DM Campbell said: “I am unaware of an authority which binds the court that it would be unjust to order payment of the Part 36.17(4)(d) additional sum where the public purse is paying as opposed to the situation which pertains where the paying party is an individual, a company or an insurer, so that point fails.”

The Home Office could have made the payment on account to reduce interest and “omitting to do so and failing to comply with an order to which the defendant had itself given its consent, is not a promising start when it comes to seeking a discretionary remedy, as here.  

“Nor is the fact that the defendant made no attempt to mitigate its liability for interest by making a payment earlier than the date it did, albeit that there is no obligation to do so: it just makes commercial sense that it should be done, irrespective of any delay by a receiving party in serving their bill.”

The deputy master also agreed that it was permissible to take interest into account when working out whether a Part 36 offer has been beaten.

Criticising the Home Office’s conduct, DM Campbell said: “It is dispiriting how much public money is expended unnecessarily in arguing about those costs at assessment. Having carried out numerous provisional and detailed assessments involving paying parties where payment of the costs is coming out of public funds, and which have concerned predominantly, claims for judicial review such as the case here and clinical negligence involving NHS Trusts, it is dispiriting how much public money is expended unnecessarily in arguing about those costs at assessment.

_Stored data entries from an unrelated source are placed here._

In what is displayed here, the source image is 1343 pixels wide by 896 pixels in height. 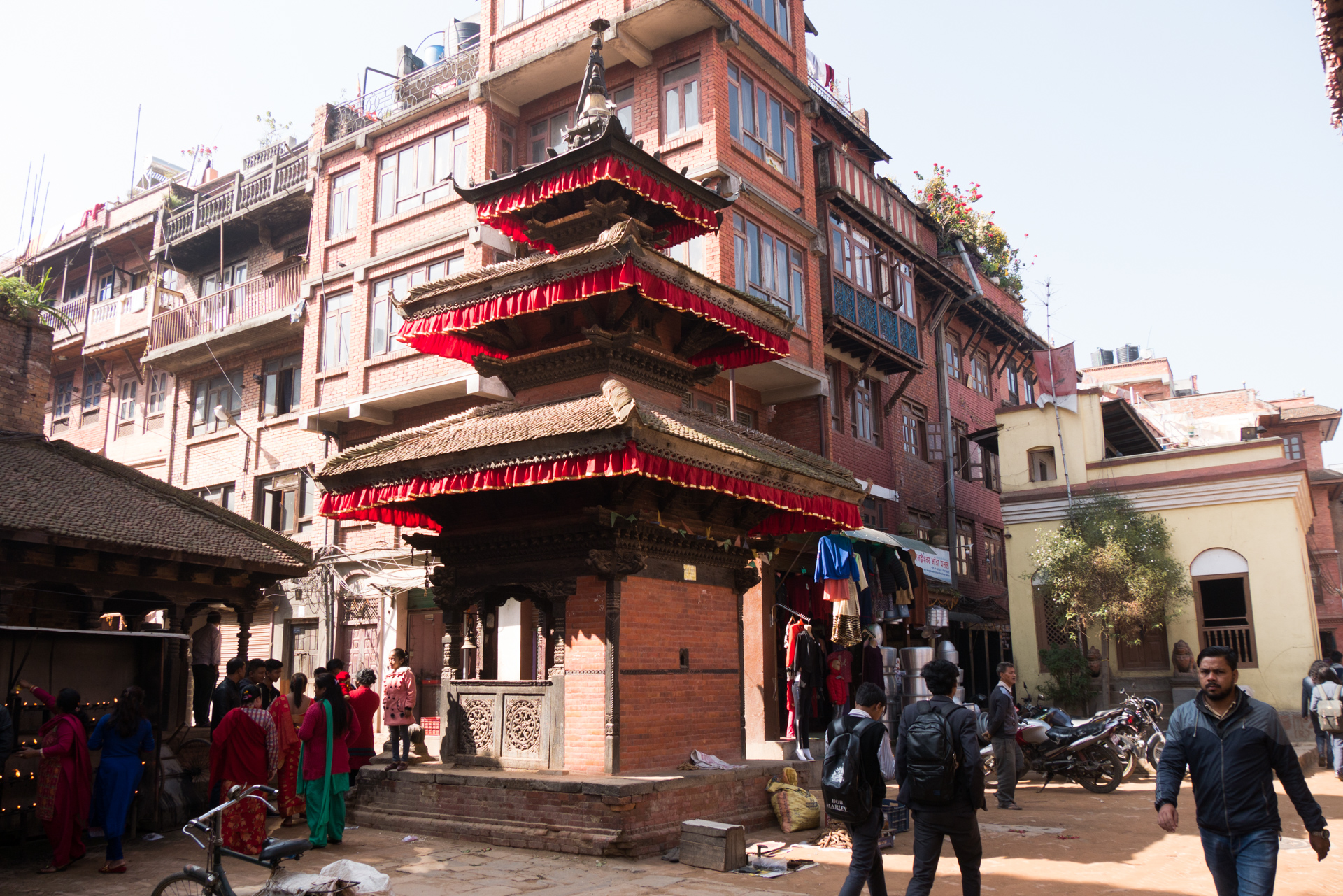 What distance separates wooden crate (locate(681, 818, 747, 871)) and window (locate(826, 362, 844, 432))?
14.4m

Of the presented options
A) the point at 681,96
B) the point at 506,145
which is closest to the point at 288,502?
the point at 506,145

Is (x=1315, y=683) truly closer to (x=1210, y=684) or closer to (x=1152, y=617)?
(x=1152, y=617)

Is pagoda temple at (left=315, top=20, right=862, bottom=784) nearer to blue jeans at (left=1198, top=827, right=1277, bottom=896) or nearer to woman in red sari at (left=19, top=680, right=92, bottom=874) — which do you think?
woman in red sari at (left=19, top=680, right=92, bottom=874)

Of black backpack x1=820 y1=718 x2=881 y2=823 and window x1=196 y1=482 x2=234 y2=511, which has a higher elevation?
window x1=196 y1=482 x2=234 y2=511

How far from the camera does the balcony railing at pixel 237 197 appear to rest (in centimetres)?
2548

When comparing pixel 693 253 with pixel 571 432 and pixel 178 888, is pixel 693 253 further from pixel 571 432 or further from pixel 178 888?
pixel 178 888

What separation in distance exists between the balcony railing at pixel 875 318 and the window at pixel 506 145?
7.68 metres

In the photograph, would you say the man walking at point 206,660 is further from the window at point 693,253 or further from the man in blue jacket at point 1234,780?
the man in blue jacket at point 1234,780

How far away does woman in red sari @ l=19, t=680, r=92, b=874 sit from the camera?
29.7ft

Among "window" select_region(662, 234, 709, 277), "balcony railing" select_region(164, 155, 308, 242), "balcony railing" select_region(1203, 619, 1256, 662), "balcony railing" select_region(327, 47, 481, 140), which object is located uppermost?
"balcony railing" select_region(327, 47, 481, 140)

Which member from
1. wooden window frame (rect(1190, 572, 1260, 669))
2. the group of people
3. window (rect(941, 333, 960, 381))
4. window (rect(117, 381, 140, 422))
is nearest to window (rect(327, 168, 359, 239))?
window (rect(117, 381, 140, 422))

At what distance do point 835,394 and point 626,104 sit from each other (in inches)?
319

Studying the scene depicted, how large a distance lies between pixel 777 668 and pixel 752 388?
6.19m

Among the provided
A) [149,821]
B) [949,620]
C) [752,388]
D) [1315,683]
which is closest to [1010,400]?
[949,620] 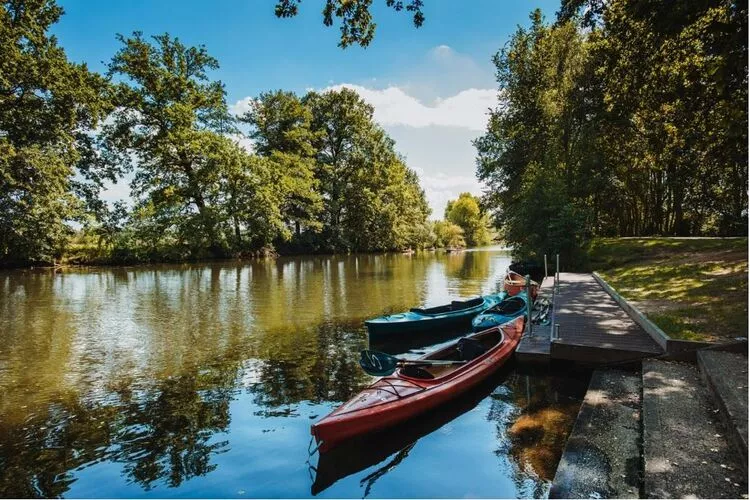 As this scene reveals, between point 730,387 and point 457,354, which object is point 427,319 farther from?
point 730,387

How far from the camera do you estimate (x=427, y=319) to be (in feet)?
42.5

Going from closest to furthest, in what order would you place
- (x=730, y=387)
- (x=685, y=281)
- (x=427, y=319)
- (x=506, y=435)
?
(x=730, y=387)
(x=506, y=435)
(x=427, y=319)
(x=685, y=281)

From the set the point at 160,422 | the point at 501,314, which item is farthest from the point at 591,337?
the point at 160,422

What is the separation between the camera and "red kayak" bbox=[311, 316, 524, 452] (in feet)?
20.0

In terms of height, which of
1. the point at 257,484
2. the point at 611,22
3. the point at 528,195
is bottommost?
the point at 257,484

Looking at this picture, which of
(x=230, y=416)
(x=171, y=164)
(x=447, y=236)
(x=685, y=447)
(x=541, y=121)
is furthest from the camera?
(x=447, y=236)

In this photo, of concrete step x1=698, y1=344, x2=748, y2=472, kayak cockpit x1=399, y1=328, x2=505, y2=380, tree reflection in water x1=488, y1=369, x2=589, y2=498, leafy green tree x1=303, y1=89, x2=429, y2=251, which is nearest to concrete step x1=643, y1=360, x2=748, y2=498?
concrete step x1=698, y1=344, x2=748, y2=472

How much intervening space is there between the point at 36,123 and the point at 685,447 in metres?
36.5

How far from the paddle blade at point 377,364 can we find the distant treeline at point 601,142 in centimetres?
1034

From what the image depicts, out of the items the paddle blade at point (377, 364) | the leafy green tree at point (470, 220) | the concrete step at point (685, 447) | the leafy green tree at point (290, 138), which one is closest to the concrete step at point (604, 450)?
the concrete step at point (685, 447)

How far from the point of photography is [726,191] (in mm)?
28562

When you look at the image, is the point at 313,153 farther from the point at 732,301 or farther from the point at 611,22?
the point at 732,301

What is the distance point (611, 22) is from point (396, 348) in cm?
1221

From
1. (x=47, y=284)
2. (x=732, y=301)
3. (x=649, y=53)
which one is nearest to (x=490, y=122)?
(x=649, y=53) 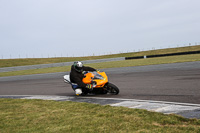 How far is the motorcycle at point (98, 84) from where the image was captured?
30.9 ft

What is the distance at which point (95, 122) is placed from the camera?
5191 millimetres

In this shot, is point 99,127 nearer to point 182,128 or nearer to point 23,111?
point 182,128

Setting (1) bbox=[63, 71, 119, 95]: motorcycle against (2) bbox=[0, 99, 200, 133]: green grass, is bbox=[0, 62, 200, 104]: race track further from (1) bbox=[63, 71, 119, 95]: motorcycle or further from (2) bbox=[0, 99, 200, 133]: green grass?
(2) bbox=[0, 99, 200, 133]: green grass

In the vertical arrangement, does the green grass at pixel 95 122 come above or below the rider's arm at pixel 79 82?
below

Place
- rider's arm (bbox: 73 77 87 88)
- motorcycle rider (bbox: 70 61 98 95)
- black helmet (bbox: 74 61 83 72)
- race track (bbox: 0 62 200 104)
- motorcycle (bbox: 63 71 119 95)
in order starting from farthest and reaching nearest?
black helmet (bbox: 74 61 83 72) < motorcycle rider (bbox: 70 61 98 95) < rider's arm (bbox: 73 77 87 88) < motorcycle (bbox: 63 71 119 95) < race track (bbox: 0 62 200 104)

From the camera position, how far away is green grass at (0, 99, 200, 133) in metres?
4.54

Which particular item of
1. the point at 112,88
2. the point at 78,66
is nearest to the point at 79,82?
the point at 78,66

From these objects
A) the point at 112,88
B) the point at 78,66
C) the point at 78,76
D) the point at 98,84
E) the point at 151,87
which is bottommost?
the point at 151,87

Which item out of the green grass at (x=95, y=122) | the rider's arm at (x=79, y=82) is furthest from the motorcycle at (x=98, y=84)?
the green grass at (x=95, y=122)

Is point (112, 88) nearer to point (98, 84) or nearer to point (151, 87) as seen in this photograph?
point (98, 84)

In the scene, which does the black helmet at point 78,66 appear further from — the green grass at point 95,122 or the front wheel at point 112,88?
the green grass at point 95,122

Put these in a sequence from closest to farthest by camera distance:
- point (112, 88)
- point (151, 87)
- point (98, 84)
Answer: point (98, 84), point (112, 88), point (151, 87)

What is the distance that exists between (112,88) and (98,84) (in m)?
0.63

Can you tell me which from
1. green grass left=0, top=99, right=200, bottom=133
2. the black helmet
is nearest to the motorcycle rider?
the black helmet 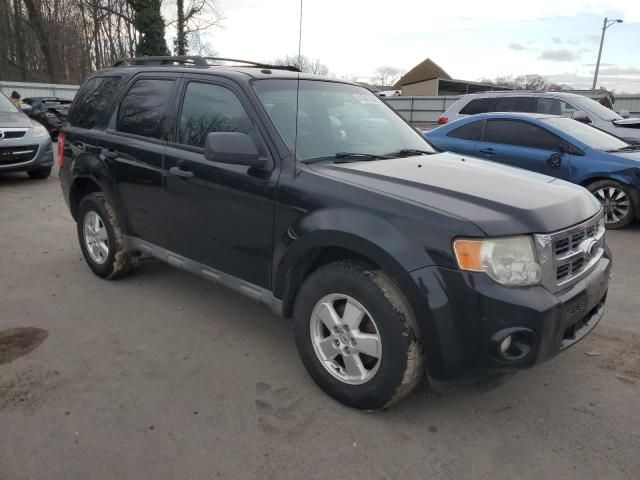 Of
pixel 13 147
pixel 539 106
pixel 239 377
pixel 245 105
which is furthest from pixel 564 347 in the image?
pixel 13 147

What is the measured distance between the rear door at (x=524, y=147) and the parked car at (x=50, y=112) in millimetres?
13772

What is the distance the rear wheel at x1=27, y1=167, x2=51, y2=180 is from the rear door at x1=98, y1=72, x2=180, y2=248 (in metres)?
6.64

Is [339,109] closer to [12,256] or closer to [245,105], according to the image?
[245,105]

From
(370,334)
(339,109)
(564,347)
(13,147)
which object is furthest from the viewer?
(13,147)

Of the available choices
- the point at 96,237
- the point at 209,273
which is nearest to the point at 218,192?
the point at 209,273

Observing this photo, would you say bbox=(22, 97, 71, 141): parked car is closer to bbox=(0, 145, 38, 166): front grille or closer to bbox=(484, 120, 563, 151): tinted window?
bbox=(0, 145, 38, 166): front grille

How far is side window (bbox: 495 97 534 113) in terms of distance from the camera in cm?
959

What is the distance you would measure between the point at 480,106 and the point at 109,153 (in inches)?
306

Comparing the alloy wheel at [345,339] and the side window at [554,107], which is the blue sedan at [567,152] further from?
the alloy wheel at [345,339]

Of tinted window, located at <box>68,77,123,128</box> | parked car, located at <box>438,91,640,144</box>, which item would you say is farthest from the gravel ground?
parked car, located at <box>438,91,640,144</box>

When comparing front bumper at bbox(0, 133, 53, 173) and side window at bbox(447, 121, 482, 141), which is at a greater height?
side window at bbox(447, 121, 482, 141)

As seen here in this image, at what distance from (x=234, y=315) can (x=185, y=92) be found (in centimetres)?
176

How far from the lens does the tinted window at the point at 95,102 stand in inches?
173

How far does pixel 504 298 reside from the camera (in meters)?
2.26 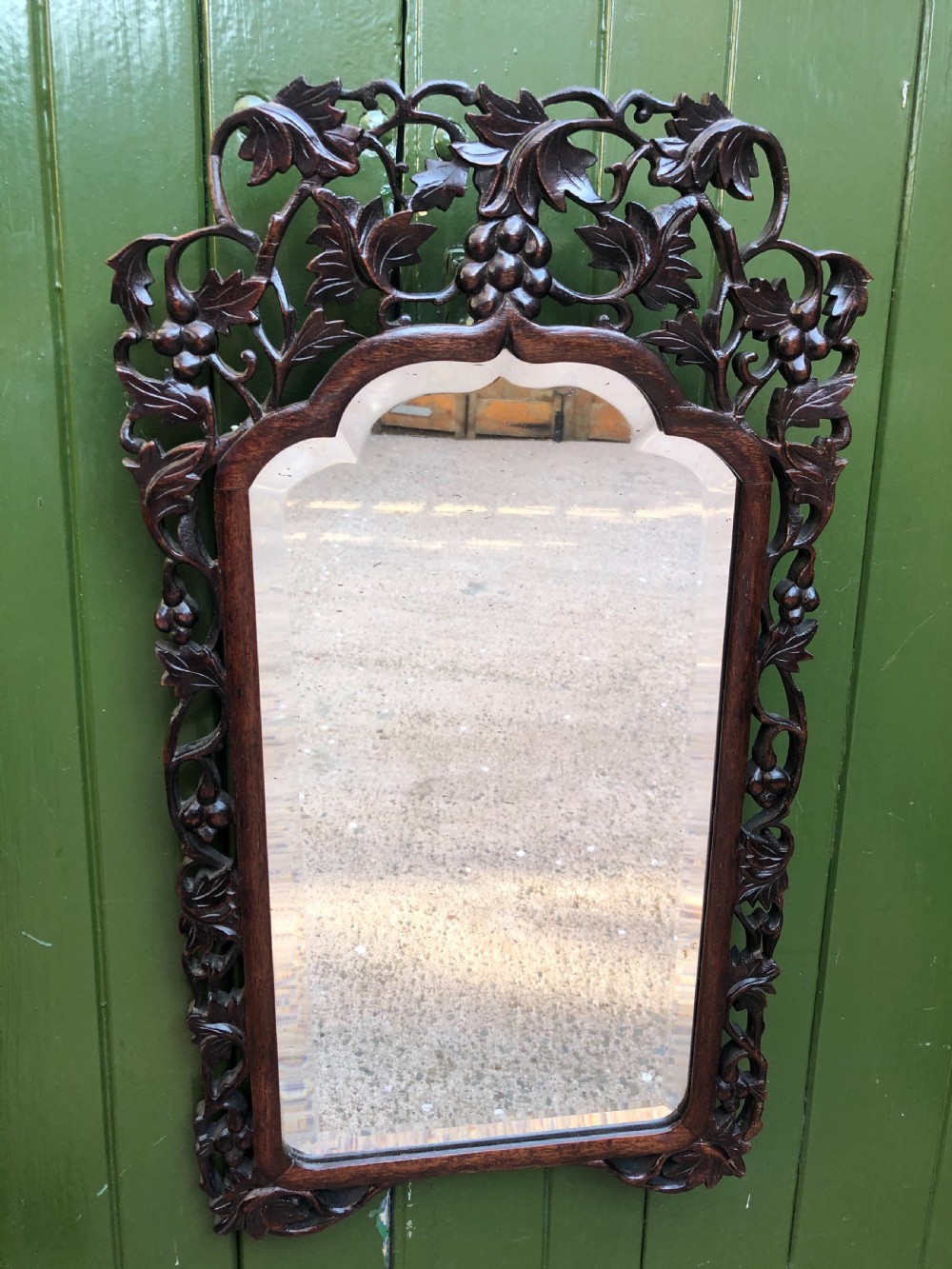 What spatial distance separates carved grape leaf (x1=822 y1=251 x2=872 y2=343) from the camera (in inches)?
27.8

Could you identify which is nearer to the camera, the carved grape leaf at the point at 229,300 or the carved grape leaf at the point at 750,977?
the carved grape leaf at the point at 229,300

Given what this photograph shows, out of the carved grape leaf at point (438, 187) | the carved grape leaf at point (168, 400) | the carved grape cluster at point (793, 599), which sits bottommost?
the carved grape cluster at point (793, 599)

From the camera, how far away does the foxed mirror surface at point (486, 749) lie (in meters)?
0.70

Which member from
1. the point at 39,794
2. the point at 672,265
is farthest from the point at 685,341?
the point at 39,794

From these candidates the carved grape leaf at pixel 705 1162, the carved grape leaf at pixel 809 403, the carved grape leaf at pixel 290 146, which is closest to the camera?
the carved grape leaf at pixel 290 146

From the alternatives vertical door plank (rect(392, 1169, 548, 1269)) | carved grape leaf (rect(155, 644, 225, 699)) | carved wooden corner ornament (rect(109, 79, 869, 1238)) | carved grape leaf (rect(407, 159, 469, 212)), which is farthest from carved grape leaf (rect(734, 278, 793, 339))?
vertical door plank (rect(392, 1169, 548, 1269))

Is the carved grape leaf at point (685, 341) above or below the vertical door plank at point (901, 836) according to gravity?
above

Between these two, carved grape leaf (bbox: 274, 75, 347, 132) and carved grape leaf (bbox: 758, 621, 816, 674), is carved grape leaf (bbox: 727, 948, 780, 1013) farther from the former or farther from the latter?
carved grape leaf (bbox: 274, 75, 347, 132)

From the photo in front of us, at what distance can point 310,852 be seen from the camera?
0.75 meters

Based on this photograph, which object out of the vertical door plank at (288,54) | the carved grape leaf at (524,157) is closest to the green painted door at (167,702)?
the vertical door plank at (288,54)

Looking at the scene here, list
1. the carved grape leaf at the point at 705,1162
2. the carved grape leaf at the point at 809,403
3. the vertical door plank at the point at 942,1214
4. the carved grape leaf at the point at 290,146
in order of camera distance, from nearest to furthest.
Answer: the carved grape leaf at the point at 290,146, the carved grape leaf at the point at 809,403, the carved grape leaf at the point at 705,1162, the vertical door plank at the point at 942,1214

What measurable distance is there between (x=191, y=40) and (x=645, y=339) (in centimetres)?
40

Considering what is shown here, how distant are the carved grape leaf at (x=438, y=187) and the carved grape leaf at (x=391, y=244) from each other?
0.01 meters

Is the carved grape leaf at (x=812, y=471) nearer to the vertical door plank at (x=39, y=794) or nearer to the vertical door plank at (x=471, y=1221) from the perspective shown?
the vertical door plank at (x=39, y=794) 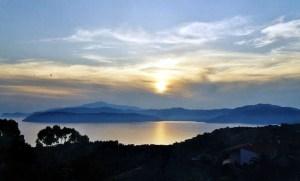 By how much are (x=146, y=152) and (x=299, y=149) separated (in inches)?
631

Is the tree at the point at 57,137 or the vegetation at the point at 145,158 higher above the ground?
the tree at the point at 57,137

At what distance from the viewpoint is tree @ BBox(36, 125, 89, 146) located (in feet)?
159

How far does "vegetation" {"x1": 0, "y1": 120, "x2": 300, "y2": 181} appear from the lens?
96.0 ft

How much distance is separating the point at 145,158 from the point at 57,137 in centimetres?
1209

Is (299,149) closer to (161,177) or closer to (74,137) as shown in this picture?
(161,177)

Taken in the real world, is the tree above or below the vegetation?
above

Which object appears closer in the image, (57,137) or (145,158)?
(145,158)

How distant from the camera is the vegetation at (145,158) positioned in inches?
1152

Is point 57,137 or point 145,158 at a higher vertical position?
point 57,137

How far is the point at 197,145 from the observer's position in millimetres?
47500

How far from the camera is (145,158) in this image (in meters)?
43.2

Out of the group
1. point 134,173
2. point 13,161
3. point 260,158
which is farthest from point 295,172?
point 13,161

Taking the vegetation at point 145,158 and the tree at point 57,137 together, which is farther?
the tree at point 57,137

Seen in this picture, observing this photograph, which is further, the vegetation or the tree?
the tree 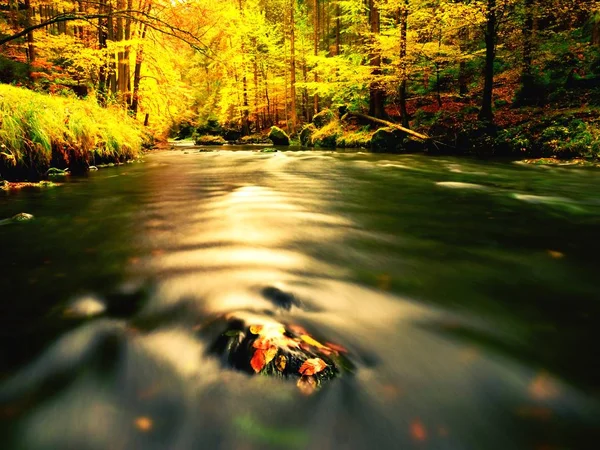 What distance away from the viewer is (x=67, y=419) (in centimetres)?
129

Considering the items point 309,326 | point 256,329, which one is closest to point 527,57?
point 309,326

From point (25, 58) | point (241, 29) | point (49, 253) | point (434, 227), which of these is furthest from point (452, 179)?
point (241, 29)

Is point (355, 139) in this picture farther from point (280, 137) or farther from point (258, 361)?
point (258, 361)

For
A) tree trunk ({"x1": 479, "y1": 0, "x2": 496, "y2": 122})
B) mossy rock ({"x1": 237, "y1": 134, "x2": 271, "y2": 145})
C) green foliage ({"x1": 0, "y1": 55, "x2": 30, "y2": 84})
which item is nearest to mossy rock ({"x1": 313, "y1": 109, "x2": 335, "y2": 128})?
mossy rock ({"x1": 237, "y1": 134, "x2": 271, "y2": 145})

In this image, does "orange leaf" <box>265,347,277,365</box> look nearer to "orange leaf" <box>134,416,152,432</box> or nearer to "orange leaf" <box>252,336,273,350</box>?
"orange leaf" <box>252,336,273,350</box>

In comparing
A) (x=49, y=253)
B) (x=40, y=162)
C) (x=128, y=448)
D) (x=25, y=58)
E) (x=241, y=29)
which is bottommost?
(x=128, y=448)

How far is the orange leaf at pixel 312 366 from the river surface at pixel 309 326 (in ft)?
0.24

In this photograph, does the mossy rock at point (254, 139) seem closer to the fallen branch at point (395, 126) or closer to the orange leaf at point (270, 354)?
the fallen branch at point (395, 126)

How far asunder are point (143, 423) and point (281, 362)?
557mm

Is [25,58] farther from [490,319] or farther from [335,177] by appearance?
[490,319]

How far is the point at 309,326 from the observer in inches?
71.9

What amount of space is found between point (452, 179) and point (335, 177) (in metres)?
2.38

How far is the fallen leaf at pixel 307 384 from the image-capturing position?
1.40 meters

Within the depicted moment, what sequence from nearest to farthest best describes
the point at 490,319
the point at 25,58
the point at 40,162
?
the point at 490,319 → the point at 40,162 → the point at 25,58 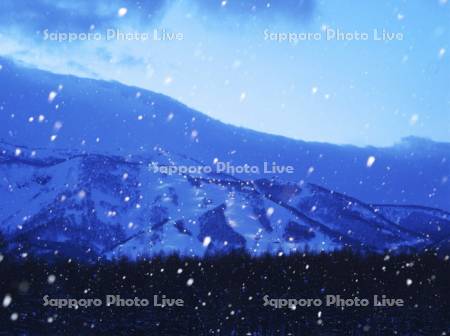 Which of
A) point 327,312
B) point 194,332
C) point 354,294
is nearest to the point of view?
point 194,332

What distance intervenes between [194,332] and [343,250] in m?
23.1

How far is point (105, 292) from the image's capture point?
94.9ft

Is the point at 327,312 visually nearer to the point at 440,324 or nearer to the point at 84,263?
the point at 440,324

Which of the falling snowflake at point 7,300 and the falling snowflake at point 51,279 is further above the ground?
the falling snowflake at point 51,279

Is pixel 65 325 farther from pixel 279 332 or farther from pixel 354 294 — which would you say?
pixel 354 294

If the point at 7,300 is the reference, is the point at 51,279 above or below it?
above

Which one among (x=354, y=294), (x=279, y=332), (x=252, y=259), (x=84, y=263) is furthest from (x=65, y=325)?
(x=252, y=259)

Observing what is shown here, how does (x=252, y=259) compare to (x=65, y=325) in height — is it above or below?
above

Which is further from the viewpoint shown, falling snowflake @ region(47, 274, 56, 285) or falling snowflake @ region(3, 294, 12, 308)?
falling snowflake @ region(47, 274, 56, 285)

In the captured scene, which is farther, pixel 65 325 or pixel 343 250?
pixel 343 250

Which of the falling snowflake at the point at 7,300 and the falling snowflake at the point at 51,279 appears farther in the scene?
the falling snowflake at the point at 51,279

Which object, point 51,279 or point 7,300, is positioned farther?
point 51,279

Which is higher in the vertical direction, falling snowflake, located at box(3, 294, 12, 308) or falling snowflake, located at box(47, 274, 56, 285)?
falling snowflake, located at box(47, 274, 56, 285)

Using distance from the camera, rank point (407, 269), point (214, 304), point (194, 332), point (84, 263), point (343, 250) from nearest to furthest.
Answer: point (194, 332) < point (214, 304) < point (407, 269) < point (84, 263) < point (343, 250) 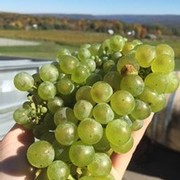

“Many such matters will have been capable of settlement much earlier, either through effective Part 36 offers being made at an early stage or through a costs mediation before the fee for the assessment has been incurred…in the present case, the public purse was put to unnecessary expense by the defendant’s failure to make a Part 36 offer at a level sufficient to give it costs protection had it been rejected, and in a sufficient sum so as to be attractive to the claimant and thus to make it acceptable.”

DM Campbell added it was “a pity” that in advancing its ‘public purse’ argument, the Home Office overlooked the guidance given by Peter Smith J in Wills v Crown Estate Commissioners [2003] 4 Costs LR 581.

The Deputy Master said he was not persuaded that it would be unjust for CPR 47.17(4)(d) to apply and the defendant must therefore pay an additional £7,080.77 to the claimant.